__DATASET CONTENT__.
Start of Block
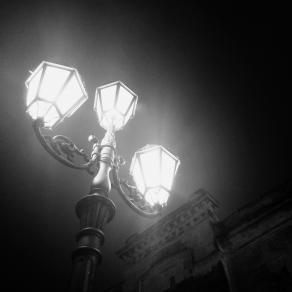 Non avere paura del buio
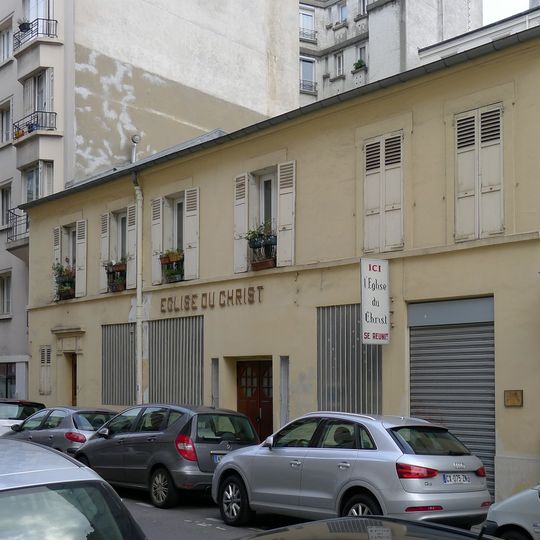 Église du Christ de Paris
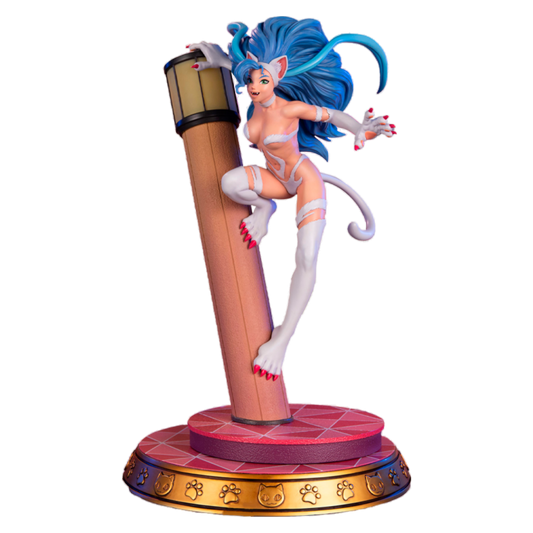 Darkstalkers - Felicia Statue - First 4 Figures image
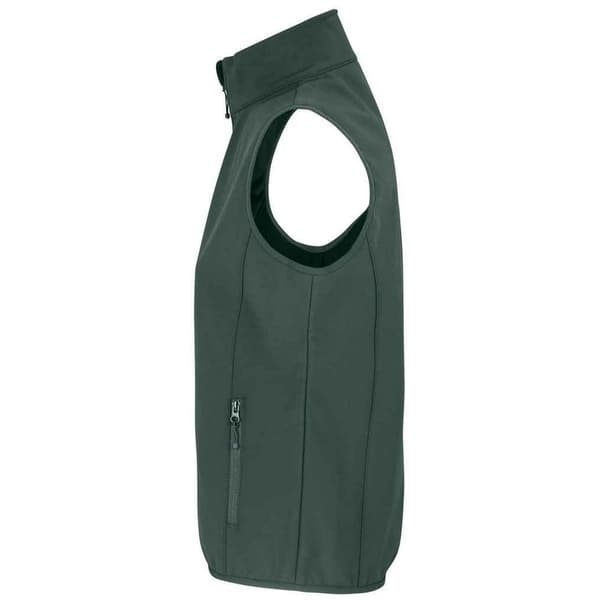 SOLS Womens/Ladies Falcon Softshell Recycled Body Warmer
End of Block
Start of Block
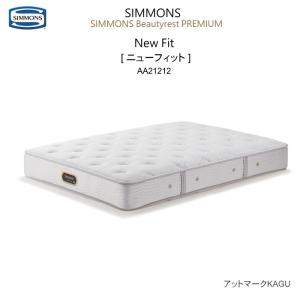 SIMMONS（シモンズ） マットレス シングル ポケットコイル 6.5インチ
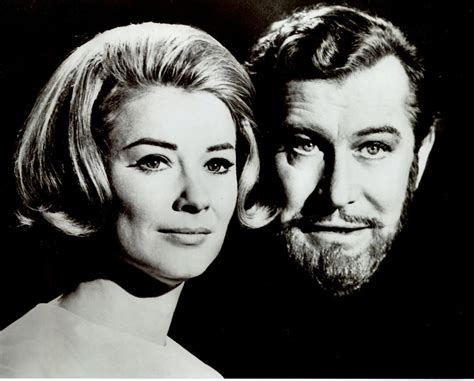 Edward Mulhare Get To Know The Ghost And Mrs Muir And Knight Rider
End of Block
__YOUR ASSIGNMENT__. Make an exact copy of the lines above, beginning with the line with "SIMMONS（シモンズ） マットレス シングル ポケットコイル 6.5インチ" and ending with the line with "Edward Mulhare Get", and keep the pictures out of it.

__EXPECTED ANSWER__.
 SIMMONS（シモンズ） マットレス シングル ポケットコイル 6.5インチ
 Edward Mulhare Get To Know The Ghost And Mrs Muir And Knight Rider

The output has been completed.